═══ Listed entries ═══

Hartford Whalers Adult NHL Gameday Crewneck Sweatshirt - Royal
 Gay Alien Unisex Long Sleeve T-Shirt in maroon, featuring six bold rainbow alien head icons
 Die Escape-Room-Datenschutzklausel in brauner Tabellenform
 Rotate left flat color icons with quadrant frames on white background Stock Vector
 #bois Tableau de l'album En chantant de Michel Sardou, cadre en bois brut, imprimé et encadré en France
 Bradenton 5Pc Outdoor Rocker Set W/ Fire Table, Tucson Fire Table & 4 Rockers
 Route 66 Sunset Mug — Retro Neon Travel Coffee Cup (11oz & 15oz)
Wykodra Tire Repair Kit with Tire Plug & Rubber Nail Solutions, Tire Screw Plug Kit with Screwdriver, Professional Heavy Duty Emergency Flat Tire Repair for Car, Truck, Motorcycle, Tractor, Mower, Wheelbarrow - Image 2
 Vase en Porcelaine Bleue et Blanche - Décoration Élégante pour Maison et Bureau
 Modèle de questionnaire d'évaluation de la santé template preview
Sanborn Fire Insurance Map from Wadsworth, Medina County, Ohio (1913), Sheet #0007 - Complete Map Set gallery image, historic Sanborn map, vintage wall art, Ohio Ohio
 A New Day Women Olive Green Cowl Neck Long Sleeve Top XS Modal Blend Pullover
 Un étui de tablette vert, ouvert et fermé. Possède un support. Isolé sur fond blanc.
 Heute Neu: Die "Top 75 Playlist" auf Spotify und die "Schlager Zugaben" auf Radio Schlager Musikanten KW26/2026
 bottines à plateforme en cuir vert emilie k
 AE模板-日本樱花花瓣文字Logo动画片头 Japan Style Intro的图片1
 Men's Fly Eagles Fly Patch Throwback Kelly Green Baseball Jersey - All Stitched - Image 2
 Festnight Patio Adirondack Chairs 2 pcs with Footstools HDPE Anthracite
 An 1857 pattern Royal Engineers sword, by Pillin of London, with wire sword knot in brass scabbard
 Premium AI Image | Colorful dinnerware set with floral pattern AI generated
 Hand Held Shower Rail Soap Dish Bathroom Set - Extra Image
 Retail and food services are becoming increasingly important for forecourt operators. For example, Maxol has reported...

═══

> [Task instructions]: Using the data above, reproduce exactly the lines between those holding "An 1857 pattern" and "Hand Held Shower", inclusive, and no others.

> [Exercise result]:
 An 1857 pattern Royal Engineers sword, by Pillin of London, with wire sword knot in brass scabbard
 Premium AI Image | Colorful dinnerware set with floral pattern AI generated
 Hand Held Shower Rail Soap Dish Bathroom Set - Extra Image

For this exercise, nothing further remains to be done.